For any course I visit, I’m always intrigued to see the green complexes. After all, the quality of the green design marks the standard of the golf course more than anything else. The legendary Albert W Tillinghast spoke of putting greens “as having features just like a human, or at least, it should have to be worthy of the name. Of course, there are many which are no more impressive than the vacant, cow-like expression of some people, but then again there are some with rugged profiles which loom head and shoulders above the common herd, and the moment we clap eyes on one of these, impulsively we murmur ‘Ah! There’s a green for you!’” At Fanling many of the older green complexes are simplistic and classic in design but offer a stern test particularly when the speeds are up or when the pins are cut in difficult locations, like above the false front on the short 12th on the Eden (the eighth hole of the Composite Course).
It is also refreshing to see three golf courses whose strategy is not completely dictated by bunkers (and that these bunkers don’t all look like something out of a Hollywood set). Bunkers are an integral part of a golf course but then so are ground contours, trees, vegetation, gradients, water features and other non-conventional items – some of which you can find on the Old Course.

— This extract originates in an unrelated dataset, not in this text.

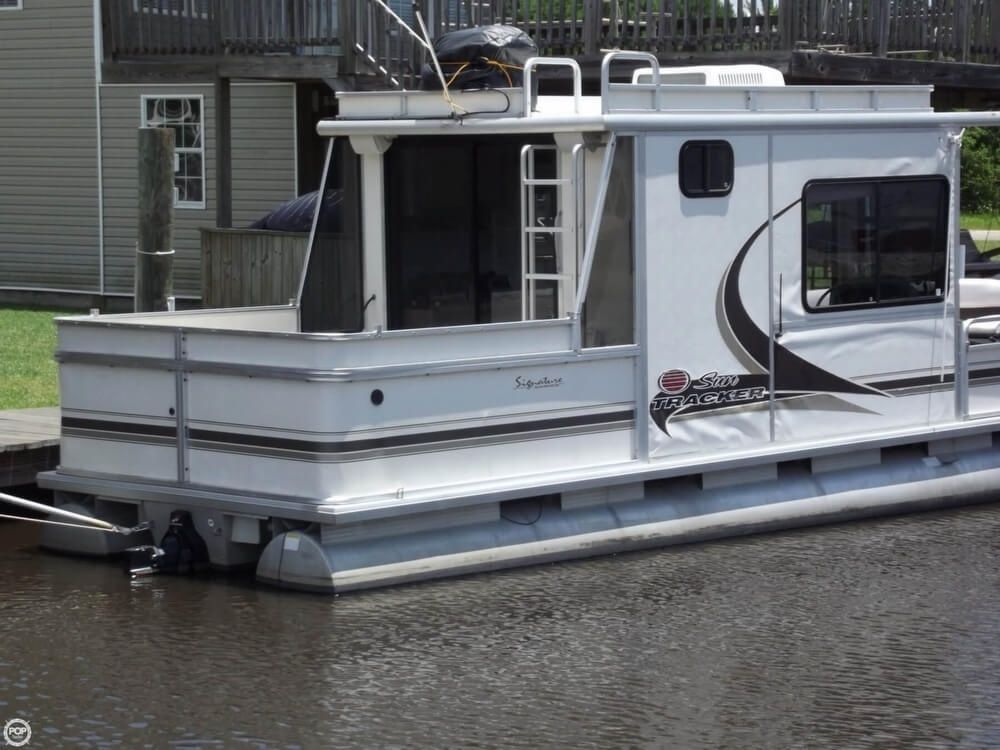 Sun Tracker 32 Party Cruiser 2003 for sale for $22,500 ...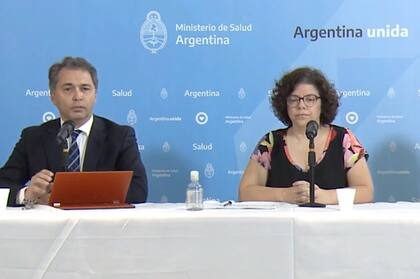 Alejandro Costa, subsecretario de Estrategias Sanitarias, y Carla Vizzoti, secretaria de Acceso a la Salud, durante una conferencia de prensa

In fact the Old Course may just be my favorite of the three courses at the club. It is a golf course with real charm. Its classic feel and quirkiness make it one of the most pleasurable golf experiences I have yet to find in Asia. It’s almost as if a bit of Scotland has been transported to Asia. In an age where most of our modern golf courses are defined by a set of rules, formulas and equations, the Old Course rebuffs this thinking - and rightly so. The Old is not held to any formula; holes are fresh and innovative and derive their beauty from the surrounds. It’s a remarkable golf experience defined by non-conventional features - for example, crossing holes, blind shots and non-returning nines - which if removed altogether would lessen its enjoyment considerably.
At the end, it is notable that each one of the golf courses has character in abundance - and each is impressive in their own right. But perhaps the most memorable and charming place to be is sat out on the clubhouse verandah which overlooks the practice green enjoying a cold refreshment after a round. I can think of few places, at least at a golf club, where I have felt such history.
Needless to say I am very fond of the Hong Kong Golf Club. If you have been - which I accept is a very likely scenario - you will know why.